I just declare a pointer variable and assigns the address of another variable. I try to print it. But I get this error:
[Error] invalid conversion from 'int' to 'const char*' [-fpermissive]
Posted
Updated 9-Feb-22 10:55am
v3
Comments
CPallini 9-Feb-22 2:01am
   
C is not Python...

1 solution

You need to review how printf() is used: printf, fprintf, sprintf, snprintf, printf_s, fprintf_s, sprintf_s, snprintf_s - cppreference.com[^]

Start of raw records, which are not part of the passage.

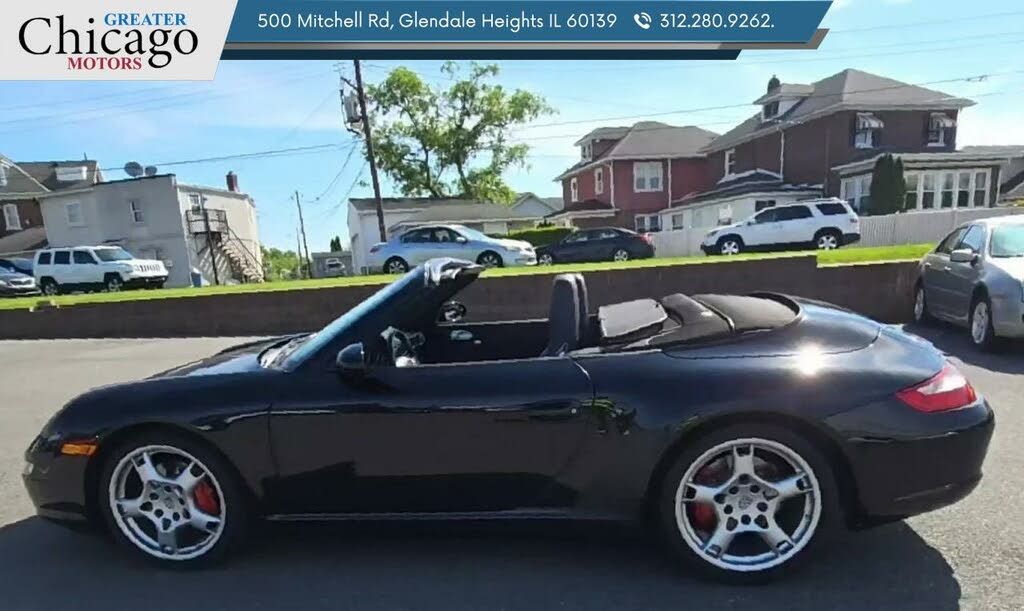 2008 Porsche 997.1 Carrera 4S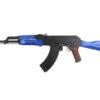 Double Bell Double Bell AK (Wooden Handguard and Stock - Metal Body - BLUE - 001B) airsoft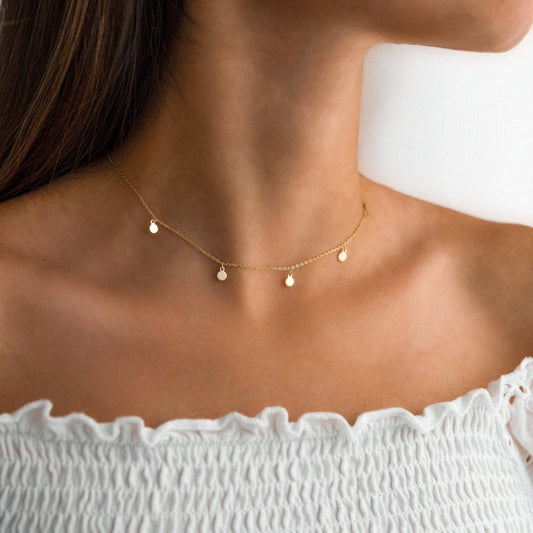 Collar Little Circles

In general printf() looks like
C
int printf(const char *format_string,  arg1, arg2, ...);
Where format_string describes the other arguments. So for example a format string of "%d" will treat the next argument as a integer, regardless of what it actually is. It is up to you, as the programmer to get things right. Fortunately, these days compilers are "printf aware" and can usually spot a problem and issue warnings as needed.
In your case you have
C
int *ptr;
printf(*ptr);
The warning you are getting is telling you that you are trying to convert the value of *ptr, which is an int with value 10 to a pointer type (char *), so its as if you wrote
C
printf(10)
10 is not a character string, so the compiler is letting you know that something is not right.
   
Comments
CPallini 9-Feb-22 2:01am
   
5.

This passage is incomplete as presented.